A realistic reading of the current situation, 21 months after the Al-Aqsa Intifada, despite the legendary steadfastness and valiant resistance, indicates the weakness of the Palestinian negotiating position. This is evident in the scale of destruction and death, the occupation of two-thirds of the Gaza Strip, the persistence and deepening of the division, the absence of a clear Palestinian vision, the impasse of leadership, institutions, and programs without opening a new path, Arab impotence, which sometimes amounts to complicity, and international contradictions. On the one hand, the international community (despite its theoretical support for Palestinian rights) stands helpless in taking action, despite the massive and unprecedented popular solidarity with Palestine and the condemnation of Israel, even in international courts and institutions and from the West, including within the United States and Europe. This has prompted European countries to adopt unprecedented punitive stances and measures against Israel.
On the other hand, the parties of the axis of resistance, including Iran, suffered heavy blows despite their steadfastness in the war. However, they launched harsh missile strikes against vital targets throughout Israel, preventing Washington and Tel Aviv from achieving their goals: destroying the nuclear and missile programs, toppling the regime, forcing it to submit, or causing internal strife. This is evidenced by the widespread support for the regime. However, the cessation of the war was not accompanied by an agreement; rather, it was merely a ceasefire, and the issues that preceded it remain unresolved. This means that the war has not been resolved, and that each side has achieved points that allow it to claim victory. The region and the world have witnessed unresolved wars before, such as the Korean War in the 1950s, which has yet to yield a peace agreement, or the Iraq War, the first of which ended with the expulsion of Saddam Hussein's army from Kuwait in 1991, followed by the second, which ended with the overthrow of the regime in 2003.

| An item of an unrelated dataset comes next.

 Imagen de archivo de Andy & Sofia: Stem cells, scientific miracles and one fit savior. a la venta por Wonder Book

The October War (1973) was not decided militarily, but rather politically, years after Anwar Sadat’s visit to Jerusalem in 1977, and the signing of the peace agreement after that (1979), with which Egypt regained Sinai within restrictions, and emerged from the conflict and war, which left the Arab parties (including the Palestinian party) exposed, so the occupation forces invaded Lebanon in 1982, and since that date the “New Middle East” began to take shape, which is a long-term historical process, advancing at times and retreating at other times.
Despite its achievements, strengths and superiority, and the fact that it is a functional entity serving a global colonial project led by the United States, Israel is confronted with the reality that its expansionist ambitions and its pursuit of regional hegemony are greater than its capabilities to achieve them. It is a small, sparsely populated country that suffers from many internal weaknesses and contradictions. It is a foreign body planted in the Arab region and cannot be absorbed unless its colonial-settler nature and functional role change. It is also confronted with the presence of more than seven million Palestinians in their homeland, Palestine, who are not prepared to leave or become slaves, and are determined to persevere and continue the struggle to achieve their goals.

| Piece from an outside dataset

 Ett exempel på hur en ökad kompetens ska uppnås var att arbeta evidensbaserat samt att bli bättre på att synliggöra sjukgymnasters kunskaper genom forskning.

Accordingly, the region is likely headed toward one of the following scenarios: either the continuation of the status quo without a settlement between Iran and Israel; or a settlement in which each side achieves some of its demands, or Iran is subjugated through soft means, over a period of years; or a new war erupts to achieve what was not achieved in the 12-day war; or the continuation of the policy of "battles between wars." However, what has become clear is that a kind of "balance of deterrence" has been achieved, halting the American-Israeli momentum, temporarily or permanently. This depends on the course of regional and international events in the coming years, whether toward redrawing the map of the Middle East, dominated by Israel, or establishing some kind of regional and international pluralism and balance.
The worst thing for Israel would be the return of the Palestinian Authority to Gaza, with internal Palestinian consensus and Arab and international support. Moreover, Arab states, particularly the Gulf states, must act as if they are in a better negotiating position than they were before the war. If Iran were defeated, Israel would be more aggressive toward everyone, even those who have normalized relations with it, and would be more capable of advancing toward the liquidation of the Palestinian cause in all its components.
As for Israel, after 21 months of war, Tel Aviv has not achieved its objectives despite its military achievements. Even in Syria, where the regime has completely changed and been replaced by a regime hostile to Iran, it is unlikely that the new regime will conclude a peace treaty with Israel, as it lacks the power or legitimacy to undertake such major steps. Rather, the most it could offer is a security truce agreement.
In Lebanon, there are no signs of normalization or disarmament for Hezbollah, but rather options are open, including a return to war. The relative decline in security threats may allow the Saudi leadership to maintain its position: no normalization without the establishment of a Palestinian state, something the current Israeli government is unlikely to agree to.
Likud's chances appear to be increasing in the upcoming elections, given an opposition not significantly different in its extremism, united by a shared goal: to oust Netanyahu without adopting an alternative vision. This makes a Netanyahu victory a plausible scenario.
In this context, it will not be possible to achieve major accomplishments on other tracks, so Israel will focus on achieving political gains on the Palestinian track. While it realizes (or will realize sooner or later) the difficulty of achieving maximum goals, such as the complete occupation of Gaza and the imposition of military rule, or displacement, annexation, and the liquidation of the Palestinian cause, while keeping the door open to these possibilities, it will descend from the tree and attempt to achieve minimum goals, such as the annexation of parts of the West Bank and maintaining security control in Gaza, particularly through control of the buffer zones and strategic axes, especially along the Egyptian-Palestinian border and those linking the occupying state to the Gaza Strip.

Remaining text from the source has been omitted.